Ryan started the picket line again. He said to Renoir, “Let me do the talking, Murray.” He kidded the girls and said, “Here comes the SS. Give them the arm.” “We'll belch in unison,” someone said, and the tension was broken. Renoir began to sing, in his high voice, with a strange French accent, “There once was a union maid, who never was afraid.…” It was forced laughter, but they were able to laugh. Joey Raye whispered to Ryan:

“That's Ham Gelb, there in back. The joker in the sharp gray suit—with the mustache.”

“Joey, you don't lose your temper,” Ryan said. “You keep your mouth shut.”

“He had Sam Brodsky shot through the head in Allentown in 'thirty-seven. He brought his torpedoes in from New York, and one of them just walked up to Sam and asked him his name and then shot him. And Sam was like a brother to me when I was just a big, ignorant black bastard and a cropper—”

“You shut up,” Ryan said quickly. “You open that big mouth of yours, and sure as hell I'll kick the living daylights out of you. You just keep that big mouth shut!”
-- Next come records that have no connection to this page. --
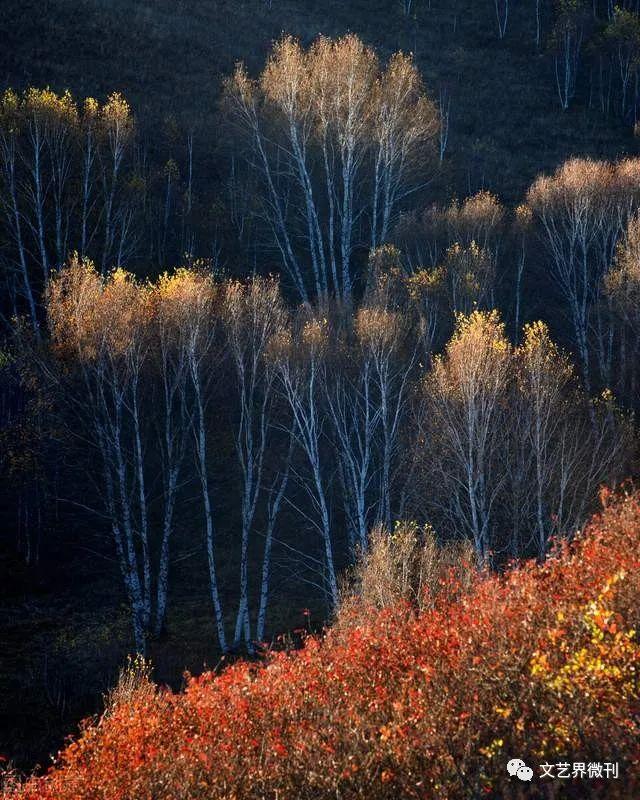 |郭进拴|绝美的坝上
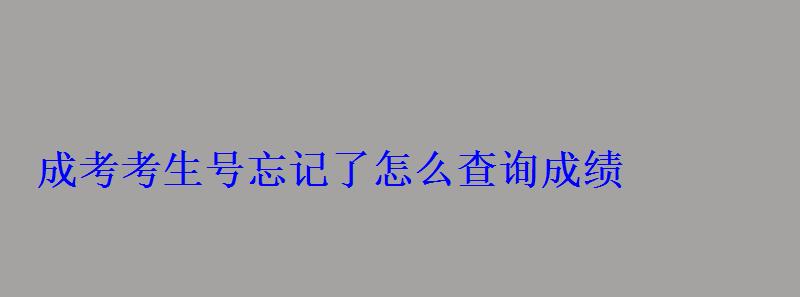怎樣查看成教考生號，成考考生號忘記了怎么查詢成績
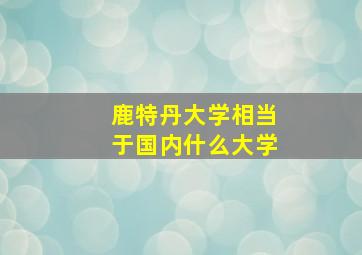 鹿特丹大学相当于国内什么大学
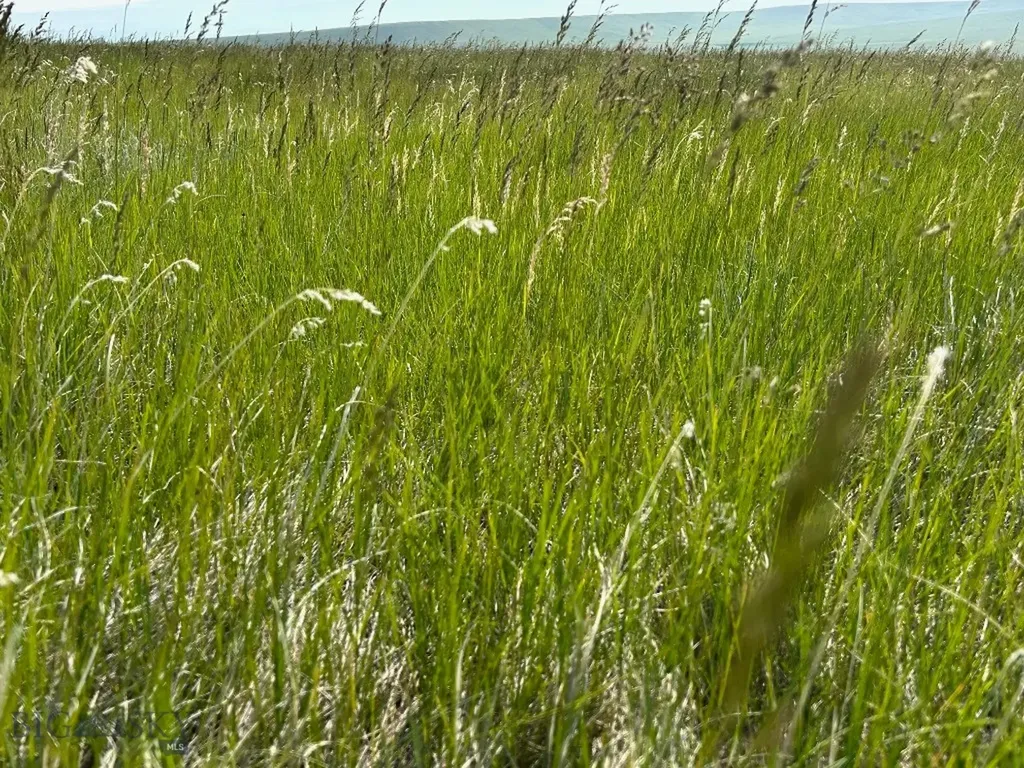 Tbd Ubet Road Buffalo MT 59418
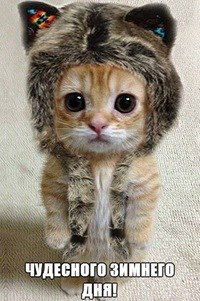 Вера Дубинина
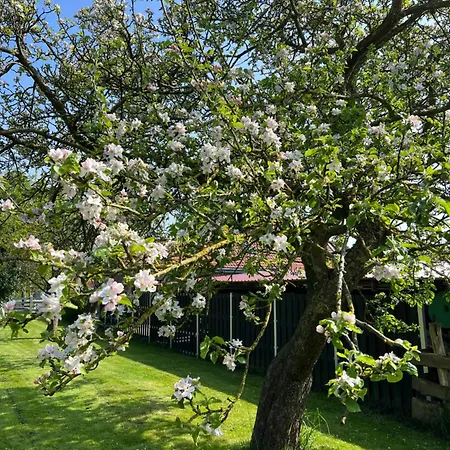 Johanna Holiday home Hooksiel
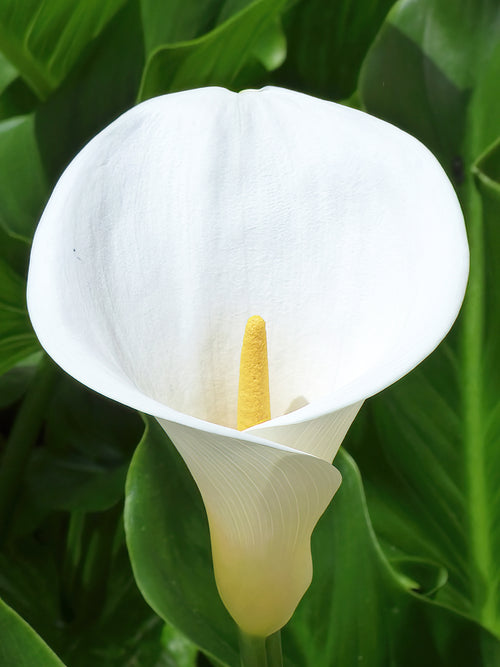 Le grand calla blanc classique (Aethiopica)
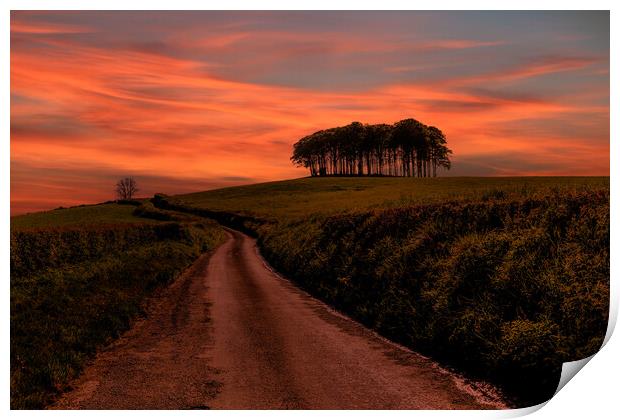 Coming Home Trees Sunset Print by Oxon Images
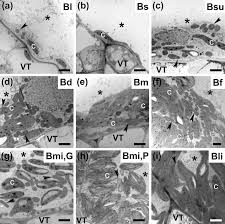 Image result for Blepharis gazensis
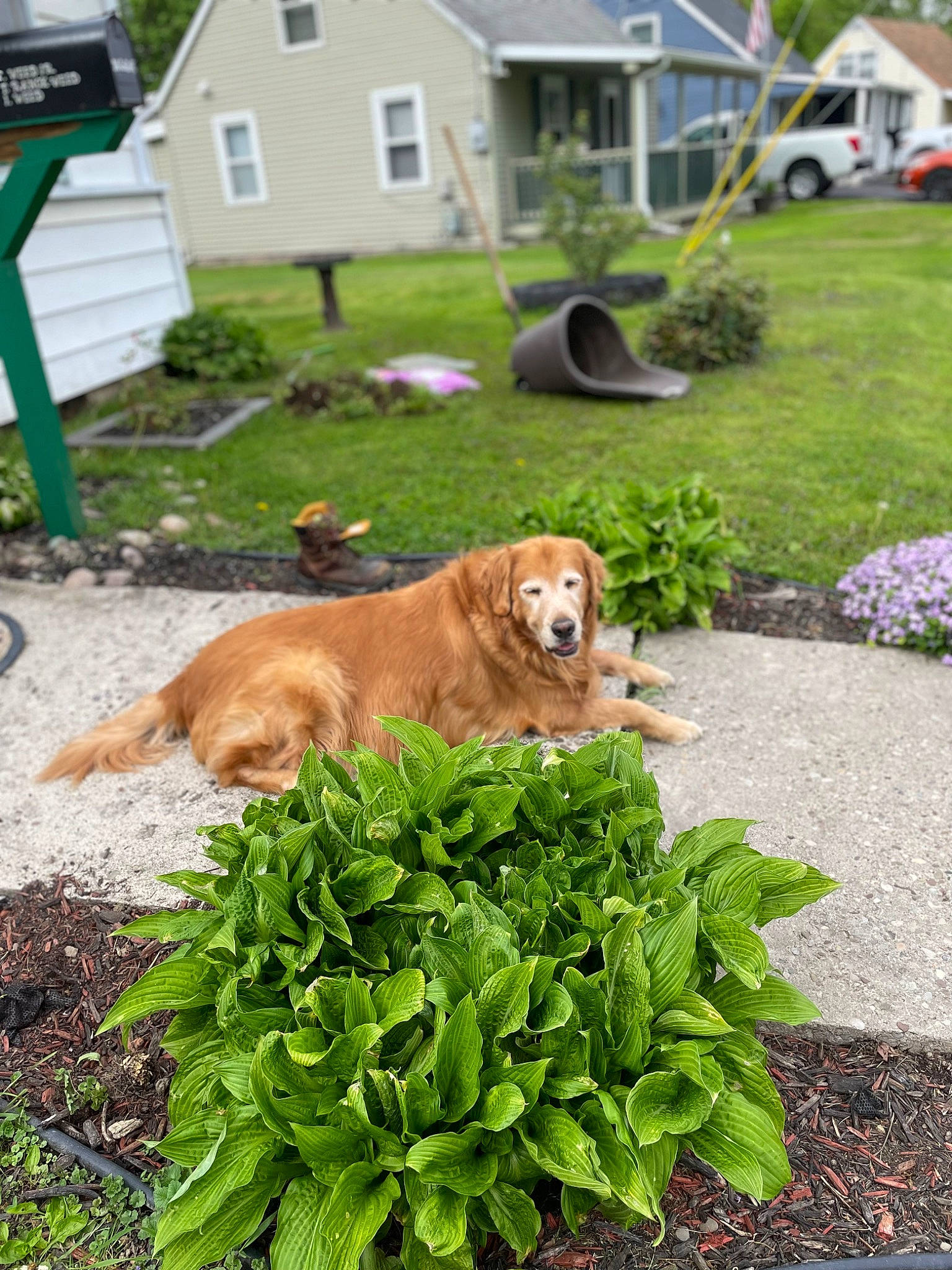 Jax joined the competition — help win amazing prizes! carnivore, chair, collar, companion_dog, cottage, dog, dog_breed, fawn, grass, groundcover, home, house, landscape, plant, road_surface, sidewalk, sporting_group, wheel, window, working_animal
The officers came through the gate, leaving Norman and Gelb and Wilson inside. One of the city men walked toward the picket line, prodding with his nightstick and telling them to call it a day. Three of the maintenance men followed him, grouped close behind him, backing him. The other officer demanded:

“Which one of you is Ryan?”

Ryan knew the officer who was shouldering the picket line. His name was Fanway, a big blond man who had come in from the outside with Curzon, and Ryan said to him, easily:

“Let's talk about this, Fanway. We don't want no trouble. You don't want no trouble.”

The maintenance men had shouldered their way in now, and the picket line had stopped once again, the workers clumping up uncertainly. Renoir, who had a fiery temper, kept his hands in his pockets and watched Ryan. The girls were frightened, admittedly; the men were also frightened and tried not to show it.

“Are you Ryan?” the second officer demanded.

“That's right. What is this? We're in our rights.”

“You're in company property too,” Fanway said. “Company property starts out there on Birch Street, and you're just about four hundred yards outside the law. In other words, you're going to break up this picket line and pull it back there to the city streets.”